Nowadays, TV shows are so watered down that every time you turn a channel you see the same storylines, mirrored characters and recycled jokes. We still watch because that’s what we’re programmed to do, we love to be entertained. Some shows are there to make you laugh, cry, smile or whatever but in the end, they’re there to serve a purpose. Well, Marvel and Netflix has done it again with their latest installment in The Defenders series. Iron Fist.
Netflix first jumped into the comic world with Daredevil and since released another season, Jessica Jones, Luke Cage and now Iron Fist. While critics have fallen in love with the Marvel/Netflix other series they shot down Iron Fist giving it awful reviews. Why?
The sad truth, however, is that Iron Fist is the weakest of Marvel’s Netflix series to date. As far as diversity, representation, and appropriation go, the series fails in a number of ways. But, over the course of its first six episodes, it also manages to fall short on basic levels like storytelling. Its creative laziness bankrupts the entire show. Marvel’s new series is a disappointing case study in studios needing to try harder to tell difficult stories well.
It was dragged through the mud for its bad action sequences, acting, and a horrible storyline. After watching the show this weekend I totally disagree with their stance. The action scenes rivaled those of DD’s and the acting was far better than that of Luke Cage and Jessica Jones. And as far as the storyline goes, Iron Fist may have been the deepest and heartwarming of the Marvel/Netflix series.
Danny Rand (Iron Fist) comes back to New York after being presumed dead for 15 years. He inherited 51 percent of the company his father started, falls in love and fights. But, where Jones and Cage fell short in their respective stories was the backstory. Cage gave up a few glimpse of his past life and Jones was more of a few scenes here and there. As much as ee loved the shows we never got connected with their character the way did Rand and DD.
Daredevil was more of us rooting for the little guy, Matt Murdock as he took on all challengers in Hell’s Kitchen but his story lacked a little depth as he tried his best to push his friends away from his secret. Rand, on the other hand, accepted his position and done everything possible to defend his friends. Similar stories but very different in the approach.
Cage was loved in the African-American community as a black superhero that could deflect bullets but the action in the show was not top of the line. The Villains were not believable and the big mystery of his half-brother as the main adversary came off as weak. Jones was by far the weakest of the bunch but we did get to meet Cage thanks to her.
All in all, I would have to give the nod to Iron Fist as the best story. Comic fans may have felt that an Asian character should have been the lead but Finn Jones did a wonderful job as Rand. There was no white privilege here. I didn’t hear any complaints about Tony Stark when he took over his father’s company or the Black Panther when he took over his. Keep race out of it and focus on what Marvell/Netflix has done and how they have changed the way we view TV shows.
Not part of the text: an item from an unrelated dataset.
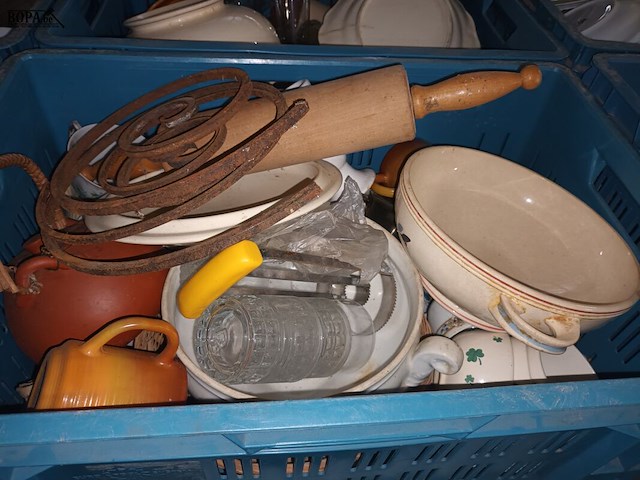 Lot 6 - keuken- en tafelgerei. 4 bakken - afbeelding 3 van  5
3/4 is not bad. Jones didn’t get it done for me and maybe I missed some things along the way and will go back to rewatch and make sure. I love DD and the reason that may still stand out as the best to many is because we’ve had two seasons to digest his character. Iron Fist was mainly alone in his first with the Hand as DD received help from Elektra and The Punisher.
You can bash the show for whatever reason but pay close attention as you watch Rand fight for his honor and those around him. Watch as he tries to atone for the mistakes he has made in the past for leaving K’un-Lun and really look as we get our first real shot at a hero in love between him and Colleen.
Nothing was wrong with this storyline is was the best that we’ve seen thus far. Can’t wait for The Defenders.